Simple Flask API for RWKV, 90% of the code is the base chat from https://github.com/BlinkDL/ChatRWKV.
localhost:5000/api?prompt=text
localhost:5000/instruct?prompt=text
localhost:5000/continue
localhost:5000/reset
- install miniconda https://docs.conda.io/en/latest/miniconda.html
- Install VS2022 build tools (https://aka.ms/vs/17/release/vs_BuildTools.exe select Desktop C++).
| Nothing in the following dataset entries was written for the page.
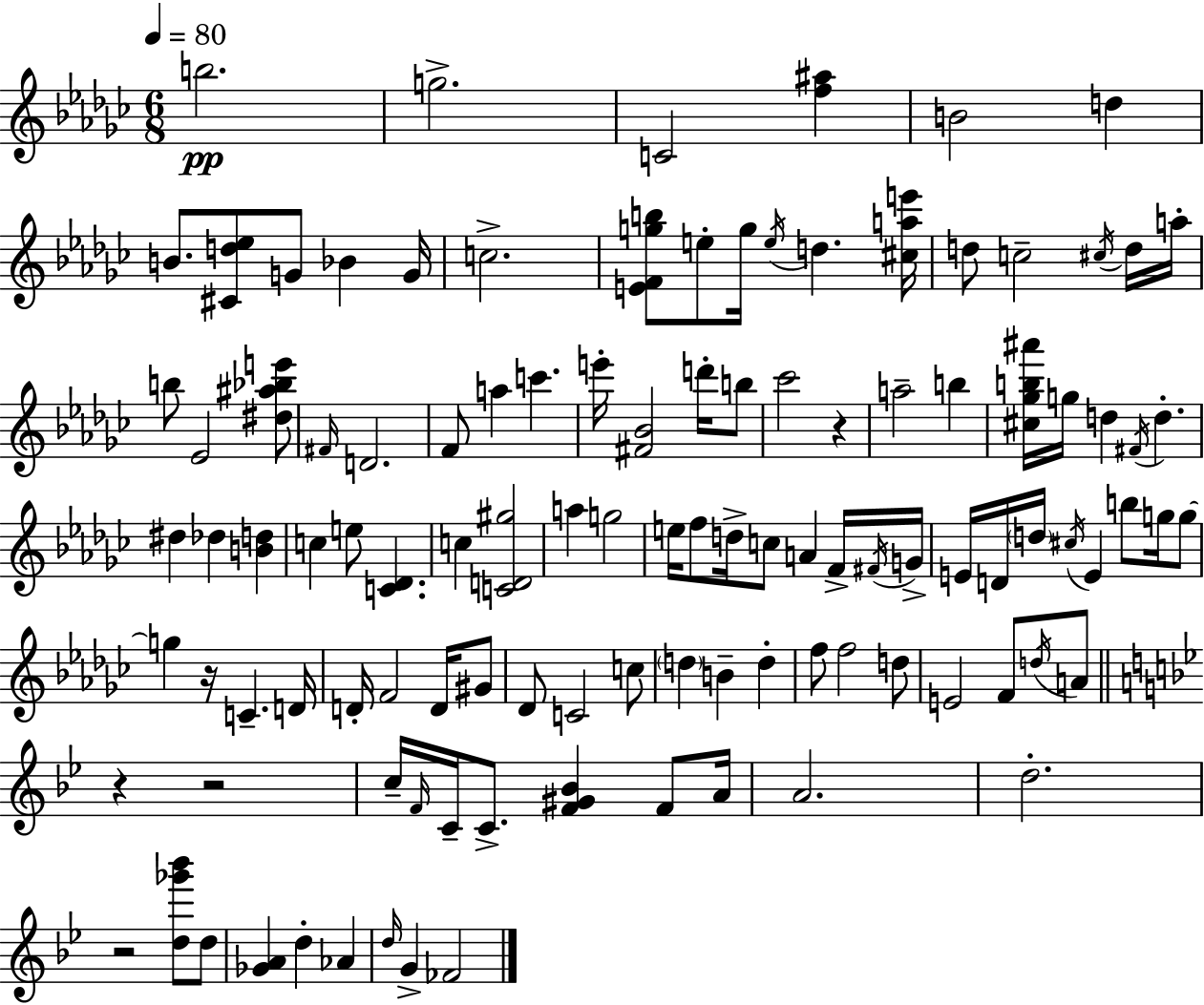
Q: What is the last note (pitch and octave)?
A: FES4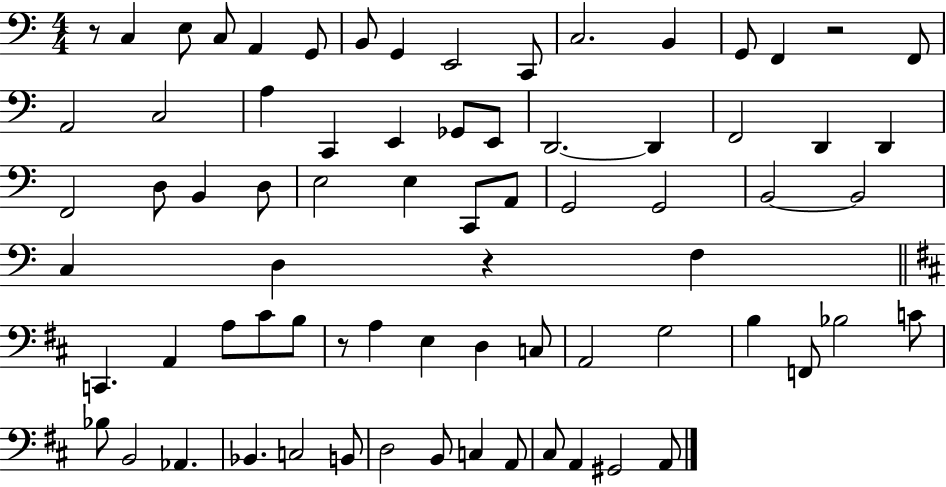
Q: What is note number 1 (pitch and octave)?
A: C3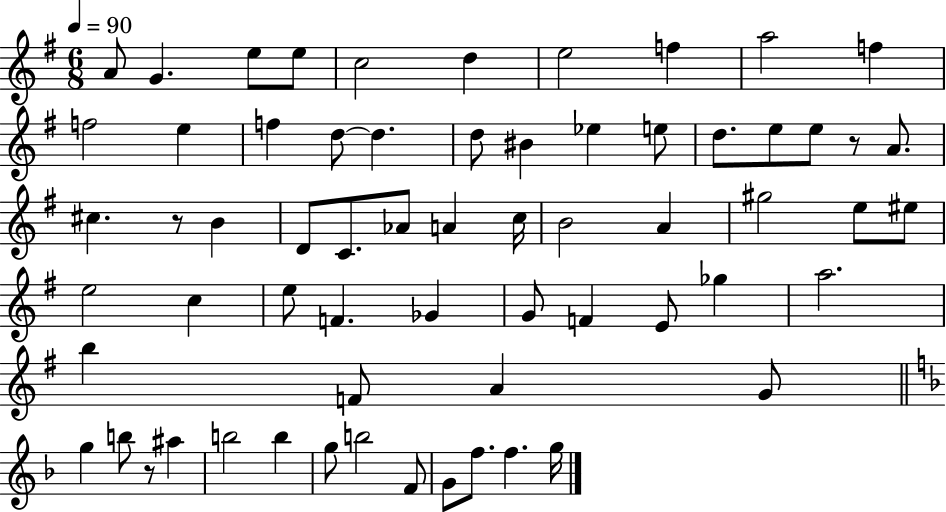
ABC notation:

X:1
T:Untitled
M:6/8
L:1/4
K:G
A/2 G e/2 e/2 c2 d e2 f a2 f f2 e f d/2 d d/2 ^B _e e/2 d/2 e/2 e/2 z/2 A/2 ^c z/2 B D/2 C/2 _A/2 A c/4 B2 A ^g2 e/2 ^e/2 e2 c e/2 F _G G/2 F E/2 _g a2 b F/2 A G/2 g b/2 z/2 ^a b2 b g/2 b2 F/2 G/2 f/2 f g/4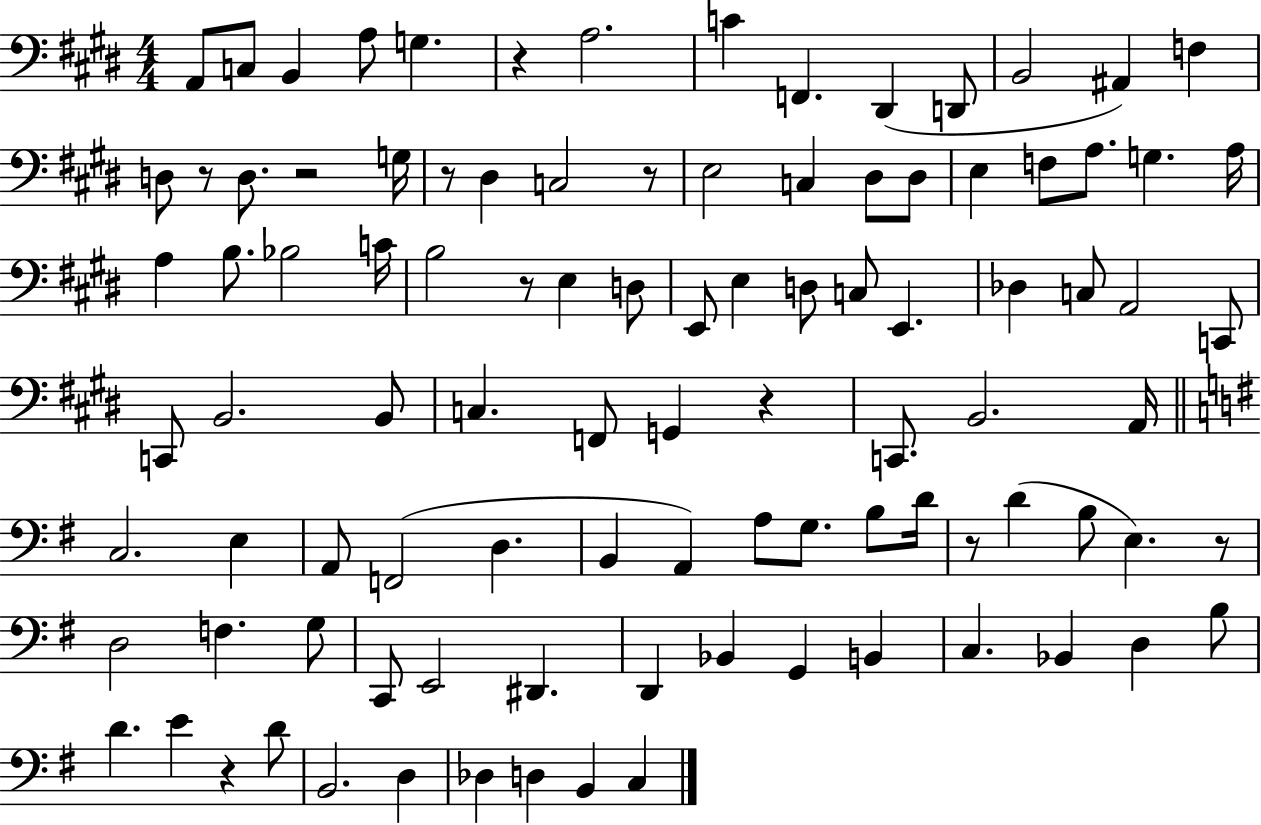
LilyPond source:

{
  \clef bass
  \numericTimeSignature
  \time 4/4
  \key e \major
  a,8 c8 b,4 a8 g4. | r4 a2. | c'4 f,4. dis,4( d,8 | b,2 ais,4) f4 | \break d8 r8 d8. r2 g16 | r8 dis4 c2 r8 | e2 c4 dis8 dis8 | e4 f8 a8. g4. a16 | \break a4 b8. bes2 c'16 | b2 r8 e4 d8 | e,8 e4 d8 c8 e,4. | des4 c8 a,2 c,8 | \break c,8 b,2. b,8 | c4. f,8 g,4 r4 | c,8. b,2. a,16 | \bar "||" \break \key e \minor c2. e4 | a,8 f,2( d4. | b,4 a,4) a8 g8. b8 d'16 | r8 d'4( b8 e4.) r8 | \break d2 f4. g8 | c,8 e,2 dis,4. | d,4 bes,4 g,4 b,4 | c4. bes,4 d4 b8 | \break d'4. e'4 r4 d'8 | b,2. d4 | des4 d4 b,4 c4 | \bar "|."
}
- Reinstall CUDA 11.7 (install VC++ extensions).
- on cmd
pip install rwkv tokenizers>=0.13.2 prompt_toolkit
- on cmd
pip install torch==1.13.1+cu117 torchvision==0.14.1+cu117 torchaudio==0.13.1 --extra-index-url https://download.pytorch.org/whl/cu117
- Done.
- Create a folder "models" and rename your RWKV model to model.pth
- in the file
base_chat
set your strategy, etc.. - if you are not using CUDA, you can set
RWKV_CUDA_ON
to 0 ( not recommended )
Run python api.py
in "x64 native tools command prompt".
- I recommend downloading jprq https://github.com/azimjohn/jprq/releases/tag/2.0
- Auth, then exec with jprq-windows-amd64.exe http 5000